== Segment start ==

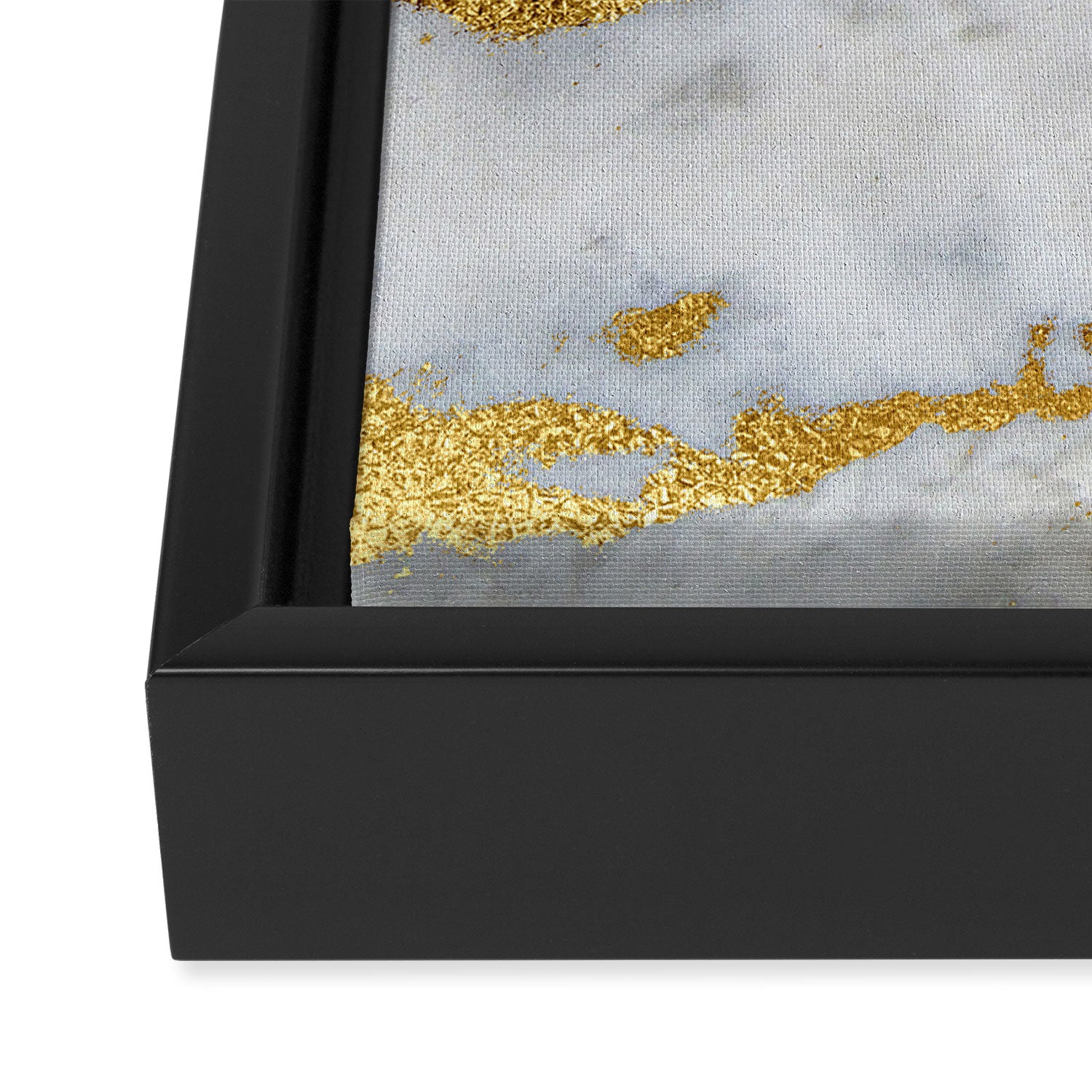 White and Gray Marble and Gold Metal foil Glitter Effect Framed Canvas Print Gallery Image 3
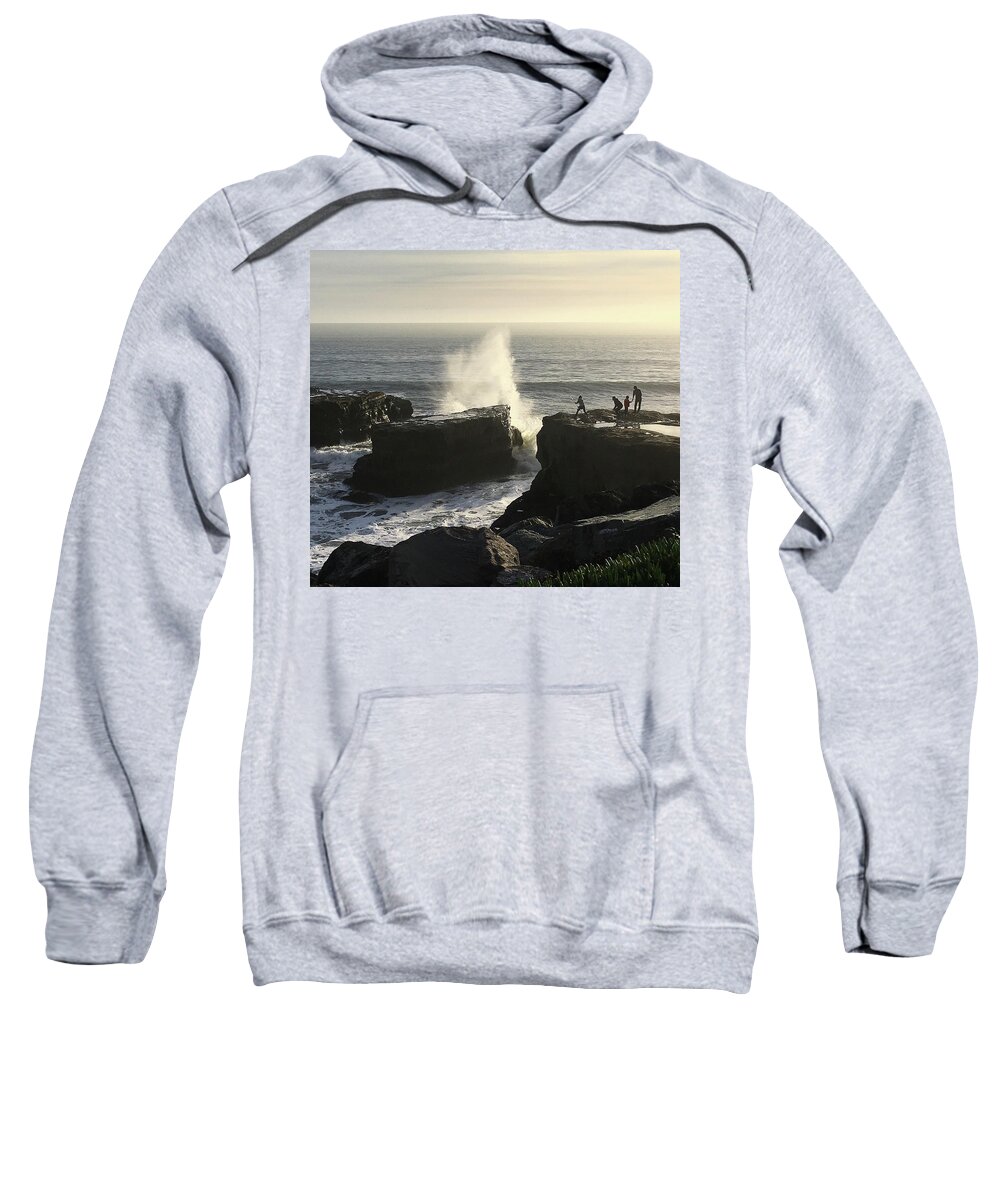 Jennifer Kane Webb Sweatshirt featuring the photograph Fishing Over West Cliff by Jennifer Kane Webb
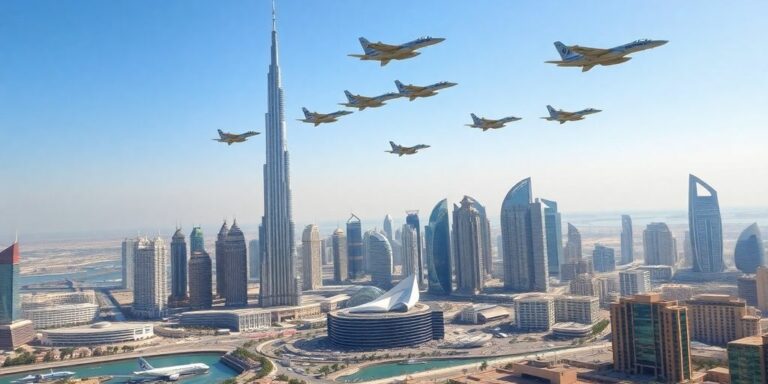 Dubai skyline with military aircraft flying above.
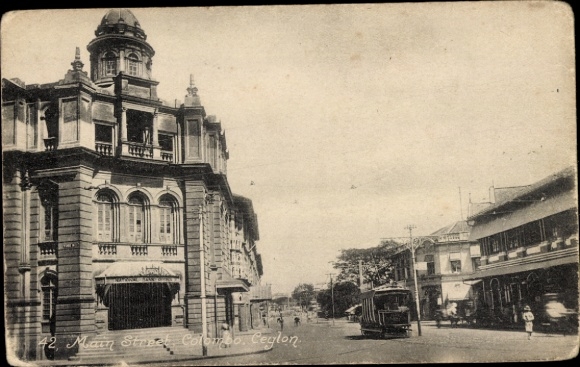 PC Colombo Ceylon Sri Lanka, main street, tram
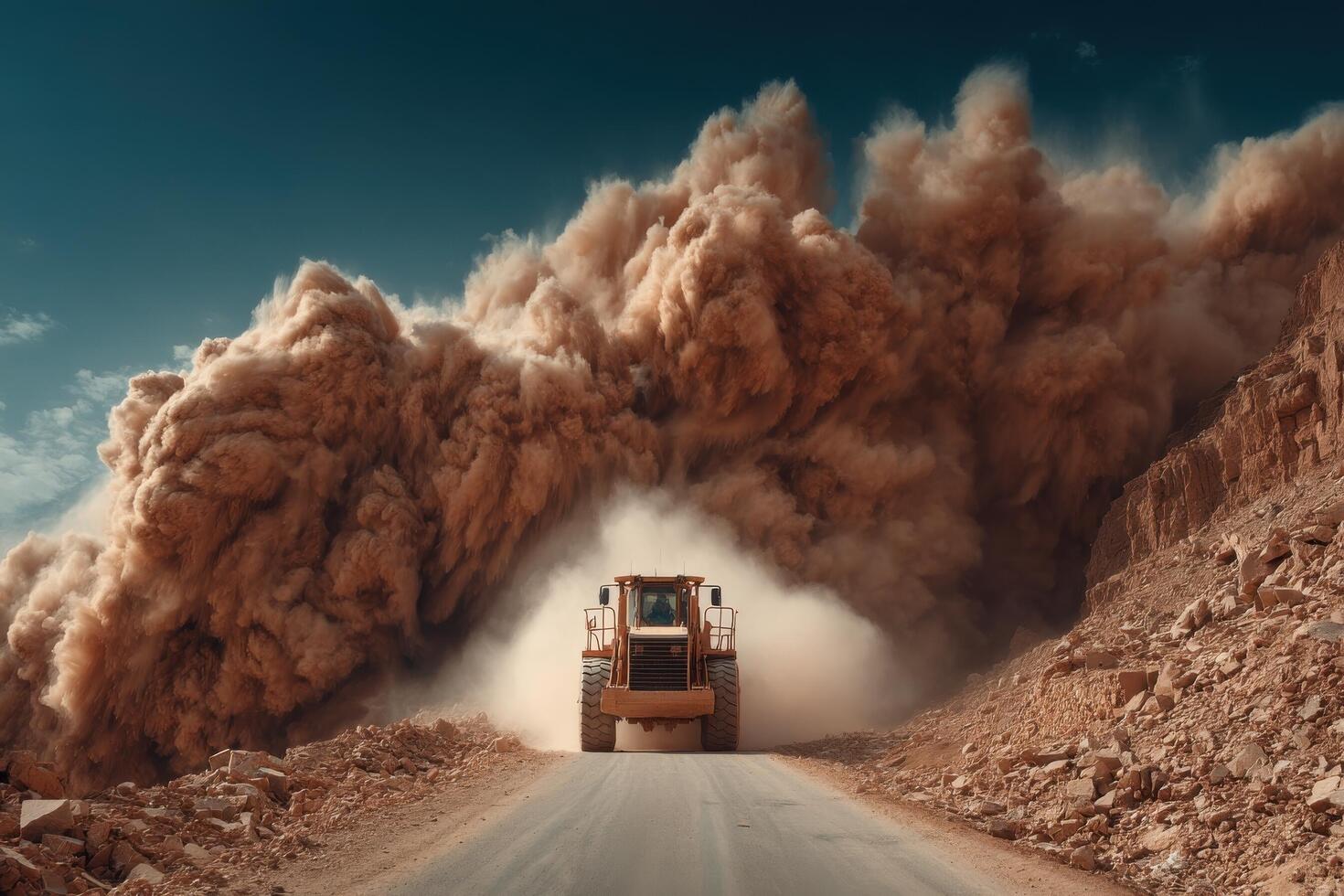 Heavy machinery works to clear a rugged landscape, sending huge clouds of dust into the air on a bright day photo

== Segment end ==

WORK ITEM —
The records above must be output exactly, except for the pictures.

WRITTEN ANSWER —
 White and Gray Marble and Gold Metal foil Glitter Effect Framed Canvas Print Gallery Image 3
 Jennifer Kane Webb Sweatshirt featuring the photograph Fishing Over West Cliff by Jennifer Kane Webb
 Dubai skyline with military aircraft flying above.
 PC Colombo Ceylon Sri Lanka, main street, tram
 Heavy machinery works to clear a rugged landscape, sending huge clouds of dust into the air on a bright day photo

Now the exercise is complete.